AIM OF THE TASK: The span to repeat in the listing below runs from the line containing "Sylvano Comvalius (nomor" to the line containing "Soccer - Sky", inclusive. Repeat it exactly, and only it.

GIVEN RECORDS:
· · · ·

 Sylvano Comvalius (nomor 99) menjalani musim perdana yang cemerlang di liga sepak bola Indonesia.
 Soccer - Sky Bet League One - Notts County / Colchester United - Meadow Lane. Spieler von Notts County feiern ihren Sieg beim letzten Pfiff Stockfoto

· · · ·

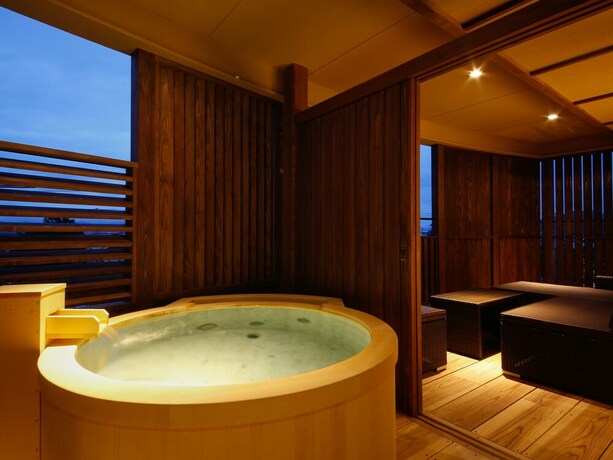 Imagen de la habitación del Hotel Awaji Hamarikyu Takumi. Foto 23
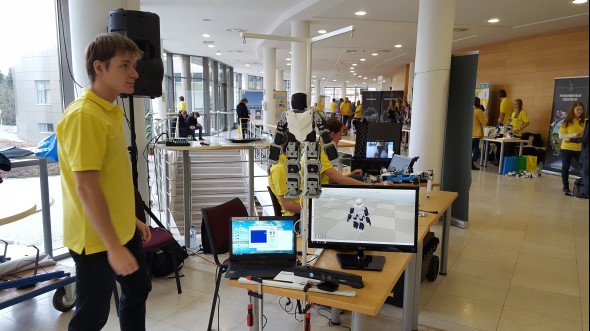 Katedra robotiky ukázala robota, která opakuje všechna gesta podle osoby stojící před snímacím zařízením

· · · ·

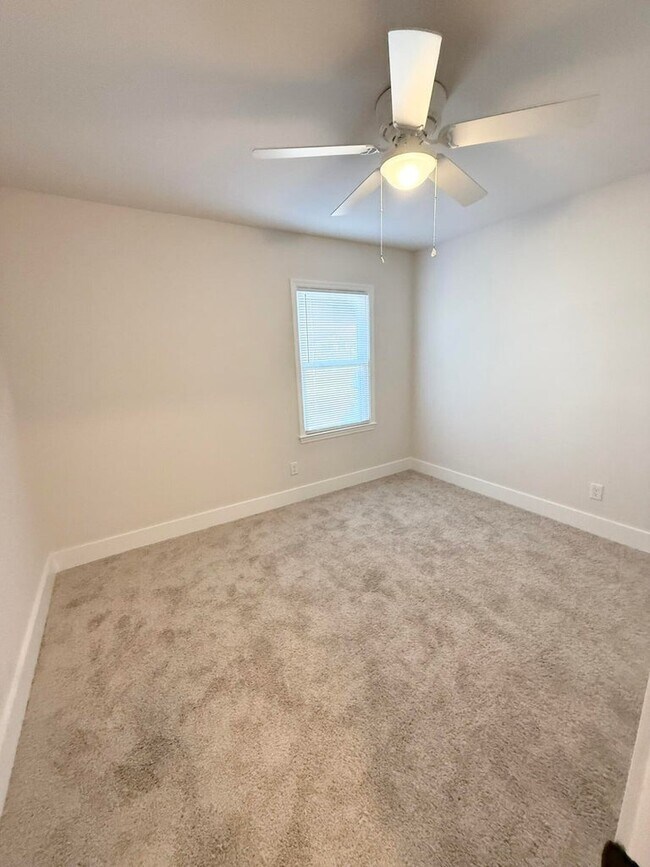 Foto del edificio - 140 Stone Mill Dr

· · · ·

RESPONSE:
 Sylvano Comvalius (nomor 99) menjalani musim perdana yang cemerlang di liga sepak bola Indonesia.
 Soccer - Sky Bet League One - Notts County / Colchester United - Meadow Lane. Spieler von Notts County feiern ihren Sieg beim letzten Pfiff Stockfoto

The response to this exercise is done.